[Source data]
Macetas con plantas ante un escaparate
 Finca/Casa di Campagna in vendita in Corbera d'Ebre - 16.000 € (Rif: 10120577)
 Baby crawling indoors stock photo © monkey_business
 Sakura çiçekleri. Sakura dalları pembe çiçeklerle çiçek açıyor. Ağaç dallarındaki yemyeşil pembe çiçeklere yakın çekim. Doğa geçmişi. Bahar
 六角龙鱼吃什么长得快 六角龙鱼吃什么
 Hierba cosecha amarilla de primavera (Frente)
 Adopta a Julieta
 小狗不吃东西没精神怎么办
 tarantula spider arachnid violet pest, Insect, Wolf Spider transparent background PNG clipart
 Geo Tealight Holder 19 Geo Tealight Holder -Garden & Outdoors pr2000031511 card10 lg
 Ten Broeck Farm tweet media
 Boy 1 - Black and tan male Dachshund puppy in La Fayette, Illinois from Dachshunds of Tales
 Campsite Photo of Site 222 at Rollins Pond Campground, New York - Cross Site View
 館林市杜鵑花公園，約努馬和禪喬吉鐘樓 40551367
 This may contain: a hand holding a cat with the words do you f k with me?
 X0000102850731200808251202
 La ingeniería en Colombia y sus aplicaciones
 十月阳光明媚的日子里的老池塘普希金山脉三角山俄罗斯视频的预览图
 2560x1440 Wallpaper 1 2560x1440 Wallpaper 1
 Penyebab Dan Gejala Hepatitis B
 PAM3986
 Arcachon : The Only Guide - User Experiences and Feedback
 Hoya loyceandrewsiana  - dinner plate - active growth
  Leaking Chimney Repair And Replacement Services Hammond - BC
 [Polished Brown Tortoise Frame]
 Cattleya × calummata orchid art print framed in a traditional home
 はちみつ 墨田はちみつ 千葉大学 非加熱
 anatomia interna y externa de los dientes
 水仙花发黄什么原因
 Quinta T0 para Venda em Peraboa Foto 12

• DIRECTIONS FOR THIS TASK:
Reproduce only the lines above spanning from the line containing "Hierba cosecha amarilla" through the line containing "Boy 1 - Black", word for word.

• ANSWER SECTION:
 Hierba cosecha amarilla de primavera (Frente)
 Adopta a Julieta
 小狗不吃东西没精神怎么办
 tarantula spider arachnid violet pest, Insect, Wolf Spider transparent background PNG clipart
 Geo Tealight Holder 19 Geo Tealight Holder -Garden & Outdoors pr2000031511 card10 lg
 Ten Broeck Farm tweet media
 Boy 1 - Black and tan male Dachshund puppy in La Fayette, Illinois from Dachshunds of Tales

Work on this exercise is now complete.